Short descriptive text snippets
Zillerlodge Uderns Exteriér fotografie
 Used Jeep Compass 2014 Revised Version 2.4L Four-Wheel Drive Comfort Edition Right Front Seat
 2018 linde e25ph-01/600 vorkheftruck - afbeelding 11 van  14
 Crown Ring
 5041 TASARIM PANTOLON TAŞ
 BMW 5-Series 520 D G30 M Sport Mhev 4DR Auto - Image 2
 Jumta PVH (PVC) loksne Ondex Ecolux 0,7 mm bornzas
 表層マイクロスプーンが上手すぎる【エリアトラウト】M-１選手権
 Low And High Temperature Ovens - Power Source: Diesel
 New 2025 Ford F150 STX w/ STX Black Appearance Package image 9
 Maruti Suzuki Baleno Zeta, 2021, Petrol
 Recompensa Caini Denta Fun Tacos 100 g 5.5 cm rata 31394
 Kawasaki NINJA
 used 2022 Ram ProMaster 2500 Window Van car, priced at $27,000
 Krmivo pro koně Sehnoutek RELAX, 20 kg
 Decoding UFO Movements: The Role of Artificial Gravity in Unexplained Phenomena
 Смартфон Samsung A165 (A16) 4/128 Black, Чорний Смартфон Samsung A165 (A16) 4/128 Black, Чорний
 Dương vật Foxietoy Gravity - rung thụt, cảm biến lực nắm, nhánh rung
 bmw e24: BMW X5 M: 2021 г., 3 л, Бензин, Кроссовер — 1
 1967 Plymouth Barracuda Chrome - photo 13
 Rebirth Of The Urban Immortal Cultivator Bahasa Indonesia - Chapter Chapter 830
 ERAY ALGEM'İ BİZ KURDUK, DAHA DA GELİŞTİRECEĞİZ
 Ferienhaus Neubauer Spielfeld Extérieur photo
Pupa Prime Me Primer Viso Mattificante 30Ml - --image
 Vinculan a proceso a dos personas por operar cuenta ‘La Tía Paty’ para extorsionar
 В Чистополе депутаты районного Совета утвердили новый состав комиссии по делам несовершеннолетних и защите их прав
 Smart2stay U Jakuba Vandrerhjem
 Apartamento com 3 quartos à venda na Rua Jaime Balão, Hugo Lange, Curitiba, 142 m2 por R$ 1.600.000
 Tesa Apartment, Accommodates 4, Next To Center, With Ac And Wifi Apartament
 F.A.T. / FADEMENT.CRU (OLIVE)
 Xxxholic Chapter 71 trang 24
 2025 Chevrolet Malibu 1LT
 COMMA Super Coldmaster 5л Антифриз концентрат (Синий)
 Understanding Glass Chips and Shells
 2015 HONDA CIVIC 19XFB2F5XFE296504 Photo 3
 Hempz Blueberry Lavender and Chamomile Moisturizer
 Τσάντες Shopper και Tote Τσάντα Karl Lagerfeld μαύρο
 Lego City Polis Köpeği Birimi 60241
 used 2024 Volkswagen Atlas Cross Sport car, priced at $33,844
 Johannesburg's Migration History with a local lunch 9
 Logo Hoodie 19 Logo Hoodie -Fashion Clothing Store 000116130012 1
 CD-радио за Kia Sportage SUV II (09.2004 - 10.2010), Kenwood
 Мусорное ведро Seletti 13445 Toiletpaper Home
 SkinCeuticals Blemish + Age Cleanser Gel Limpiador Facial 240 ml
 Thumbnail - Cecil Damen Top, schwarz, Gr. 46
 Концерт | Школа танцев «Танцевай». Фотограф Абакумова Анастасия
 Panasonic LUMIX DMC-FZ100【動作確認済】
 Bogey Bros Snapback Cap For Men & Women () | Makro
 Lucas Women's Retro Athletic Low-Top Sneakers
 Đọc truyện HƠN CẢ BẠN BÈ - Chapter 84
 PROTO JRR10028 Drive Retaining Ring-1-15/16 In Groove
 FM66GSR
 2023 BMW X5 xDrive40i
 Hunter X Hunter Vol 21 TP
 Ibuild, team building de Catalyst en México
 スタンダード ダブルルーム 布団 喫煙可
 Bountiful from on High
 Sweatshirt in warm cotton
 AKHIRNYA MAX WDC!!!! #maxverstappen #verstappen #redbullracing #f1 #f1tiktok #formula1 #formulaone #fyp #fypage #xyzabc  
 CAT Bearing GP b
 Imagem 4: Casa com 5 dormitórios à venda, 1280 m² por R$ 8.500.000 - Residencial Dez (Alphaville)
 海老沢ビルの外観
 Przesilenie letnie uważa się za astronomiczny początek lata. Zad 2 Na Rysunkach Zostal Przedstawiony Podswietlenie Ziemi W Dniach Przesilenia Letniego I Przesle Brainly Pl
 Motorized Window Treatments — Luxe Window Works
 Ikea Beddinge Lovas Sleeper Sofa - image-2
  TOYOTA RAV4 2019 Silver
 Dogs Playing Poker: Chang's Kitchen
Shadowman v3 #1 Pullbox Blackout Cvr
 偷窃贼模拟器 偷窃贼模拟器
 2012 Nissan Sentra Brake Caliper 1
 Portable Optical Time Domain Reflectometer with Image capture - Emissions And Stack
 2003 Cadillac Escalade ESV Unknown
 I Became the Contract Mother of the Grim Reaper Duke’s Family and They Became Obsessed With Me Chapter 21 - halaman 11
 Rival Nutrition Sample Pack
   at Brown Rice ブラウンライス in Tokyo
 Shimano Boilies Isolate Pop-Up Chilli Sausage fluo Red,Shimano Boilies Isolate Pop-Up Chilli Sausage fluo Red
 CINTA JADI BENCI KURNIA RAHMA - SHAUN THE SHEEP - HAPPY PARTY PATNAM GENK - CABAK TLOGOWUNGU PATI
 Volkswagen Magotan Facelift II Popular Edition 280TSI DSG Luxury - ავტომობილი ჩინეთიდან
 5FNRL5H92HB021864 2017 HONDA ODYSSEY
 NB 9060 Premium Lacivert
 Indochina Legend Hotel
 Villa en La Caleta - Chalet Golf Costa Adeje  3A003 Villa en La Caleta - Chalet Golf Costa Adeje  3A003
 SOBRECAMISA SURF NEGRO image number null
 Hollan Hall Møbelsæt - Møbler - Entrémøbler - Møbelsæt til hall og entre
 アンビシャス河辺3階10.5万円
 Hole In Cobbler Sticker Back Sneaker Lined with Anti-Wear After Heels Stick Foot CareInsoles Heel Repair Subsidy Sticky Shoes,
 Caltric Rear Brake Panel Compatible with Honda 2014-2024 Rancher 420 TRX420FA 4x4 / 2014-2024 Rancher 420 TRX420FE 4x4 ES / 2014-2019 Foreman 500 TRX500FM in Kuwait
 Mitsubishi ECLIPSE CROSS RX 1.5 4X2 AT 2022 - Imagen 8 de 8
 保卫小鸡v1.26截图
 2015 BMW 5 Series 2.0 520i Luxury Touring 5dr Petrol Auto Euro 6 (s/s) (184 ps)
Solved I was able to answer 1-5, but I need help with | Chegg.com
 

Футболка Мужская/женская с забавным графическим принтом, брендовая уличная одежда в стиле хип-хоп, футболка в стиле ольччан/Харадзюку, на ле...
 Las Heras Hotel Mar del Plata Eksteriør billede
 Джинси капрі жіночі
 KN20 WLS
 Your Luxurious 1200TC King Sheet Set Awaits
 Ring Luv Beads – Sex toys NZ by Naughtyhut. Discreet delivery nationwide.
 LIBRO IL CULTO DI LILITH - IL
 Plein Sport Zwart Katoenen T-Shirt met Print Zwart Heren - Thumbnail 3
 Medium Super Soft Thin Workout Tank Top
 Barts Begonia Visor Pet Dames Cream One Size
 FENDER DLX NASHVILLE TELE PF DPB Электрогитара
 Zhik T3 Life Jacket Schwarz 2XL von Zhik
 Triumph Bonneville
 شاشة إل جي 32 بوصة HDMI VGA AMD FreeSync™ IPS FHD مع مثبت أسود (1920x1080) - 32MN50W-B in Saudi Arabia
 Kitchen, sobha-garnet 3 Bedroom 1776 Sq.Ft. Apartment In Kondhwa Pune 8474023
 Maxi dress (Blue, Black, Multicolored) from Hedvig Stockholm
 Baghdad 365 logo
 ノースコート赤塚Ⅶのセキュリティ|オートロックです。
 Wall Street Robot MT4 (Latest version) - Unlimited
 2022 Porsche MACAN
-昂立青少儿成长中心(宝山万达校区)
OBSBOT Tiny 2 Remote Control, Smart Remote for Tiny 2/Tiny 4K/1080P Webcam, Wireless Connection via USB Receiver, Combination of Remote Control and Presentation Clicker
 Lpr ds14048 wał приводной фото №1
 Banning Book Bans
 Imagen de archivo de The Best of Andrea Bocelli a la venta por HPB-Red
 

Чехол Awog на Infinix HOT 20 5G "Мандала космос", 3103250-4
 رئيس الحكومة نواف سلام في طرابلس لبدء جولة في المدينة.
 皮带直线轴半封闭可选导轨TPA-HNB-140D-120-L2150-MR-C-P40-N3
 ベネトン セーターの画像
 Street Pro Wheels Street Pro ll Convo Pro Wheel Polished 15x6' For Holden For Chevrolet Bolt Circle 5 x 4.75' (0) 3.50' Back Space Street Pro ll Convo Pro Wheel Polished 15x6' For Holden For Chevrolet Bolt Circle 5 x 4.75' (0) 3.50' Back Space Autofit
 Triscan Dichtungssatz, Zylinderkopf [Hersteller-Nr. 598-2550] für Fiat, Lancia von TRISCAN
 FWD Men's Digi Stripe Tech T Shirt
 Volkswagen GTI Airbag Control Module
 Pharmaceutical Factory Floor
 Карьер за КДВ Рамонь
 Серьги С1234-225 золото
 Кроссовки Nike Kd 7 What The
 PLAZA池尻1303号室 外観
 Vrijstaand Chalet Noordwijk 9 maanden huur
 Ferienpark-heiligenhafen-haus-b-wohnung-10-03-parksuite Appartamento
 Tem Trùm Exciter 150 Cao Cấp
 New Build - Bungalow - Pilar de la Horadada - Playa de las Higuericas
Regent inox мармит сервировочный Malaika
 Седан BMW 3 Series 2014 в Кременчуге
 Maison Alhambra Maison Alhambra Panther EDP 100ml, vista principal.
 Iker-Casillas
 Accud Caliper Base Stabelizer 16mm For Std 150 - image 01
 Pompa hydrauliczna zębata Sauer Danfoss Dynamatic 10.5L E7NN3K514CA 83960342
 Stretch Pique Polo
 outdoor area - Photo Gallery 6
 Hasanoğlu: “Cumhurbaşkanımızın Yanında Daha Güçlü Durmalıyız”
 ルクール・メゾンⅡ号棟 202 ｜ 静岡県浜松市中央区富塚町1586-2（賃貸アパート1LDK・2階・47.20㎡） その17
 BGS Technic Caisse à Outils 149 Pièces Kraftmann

**Exercise requirements:** Transcribe each line of the data above, unaltered, from the one where "Indochina Legend Hotel" appears to the one where "アンビシャス河辺3階10.5万円" appears, inclusive of both.

**Written solution:**
 Indochina Legend Hotel
 Villa en La Caleta - Chalet Golf Costa Adeje  3A003 Villa en La Caleta - Chalet Golf Costa Adeje  3A003
 SOBRECAMISA SURF NEGRO image number null
 Hollan Hall Møbelsæt - Møbler - Entrémøbler - Møbelsæt til hall og entre
 アンビシャス河辺3階10.5万円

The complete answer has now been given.